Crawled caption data
***

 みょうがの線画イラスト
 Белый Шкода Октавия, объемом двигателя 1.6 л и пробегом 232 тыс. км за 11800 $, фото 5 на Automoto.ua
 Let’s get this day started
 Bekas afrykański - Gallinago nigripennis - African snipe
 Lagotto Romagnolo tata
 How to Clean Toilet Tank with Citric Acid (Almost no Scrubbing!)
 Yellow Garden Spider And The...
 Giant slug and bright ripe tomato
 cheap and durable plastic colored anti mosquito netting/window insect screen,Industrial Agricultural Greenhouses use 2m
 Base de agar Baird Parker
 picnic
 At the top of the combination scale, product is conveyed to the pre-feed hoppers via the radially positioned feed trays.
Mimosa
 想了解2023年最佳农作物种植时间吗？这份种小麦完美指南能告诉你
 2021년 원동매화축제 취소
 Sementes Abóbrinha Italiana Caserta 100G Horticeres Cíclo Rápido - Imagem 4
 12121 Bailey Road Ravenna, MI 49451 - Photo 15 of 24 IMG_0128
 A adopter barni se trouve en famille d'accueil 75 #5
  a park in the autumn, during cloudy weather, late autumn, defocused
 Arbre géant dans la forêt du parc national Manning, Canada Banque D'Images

***

What you write must be the entries restated word for word, from the opening line through the one holding "a park in the", with nothing else.

Task result.
 みょうがの線画イラスト
 Белый Шкода Октавия, объемом двигателя 1.6 л и пробегом 232 тыс. км за 11800 $, фото 5 на Automoto.ua
 Let’s get this day started
 Bekas afrykański - Gallinago nigripennis - African snipe
 Lagotto Romagnolo tata
 How to Clean Toilet Tank with Citric Acid (Almost no Scrubbing!)
 Yellow Garden Spider And The...
 Giant slug and bright ripe tomato
 cheap and durable plastic colored anti mosquito netting/window insect screen,Industrial Agricultural Greenhouses use 2m
 Base de agar Baird Parker
 picnic
 At the top of the combination scale, product is conveyed to the pre-feed hoppers via the radially positioned feed trays.
Mimosa
 想了解2023年最佳农作物种植时间吗？这份种小麦完美指南能告诉你
 2021년 원동매화축제 취소
 Sementes Abóbrinha Italiana Caserta 100G Horticeres Cíclo Rápido - Imagem 4
 12121 Bailey Road Ravenna, MI 49451 - Photo 15 of 24 IMG_0128
 A adopter barni se trouve en famille d'accueil 75 #5
  a park in the autumn, during cloudy weather, late autumn, defocused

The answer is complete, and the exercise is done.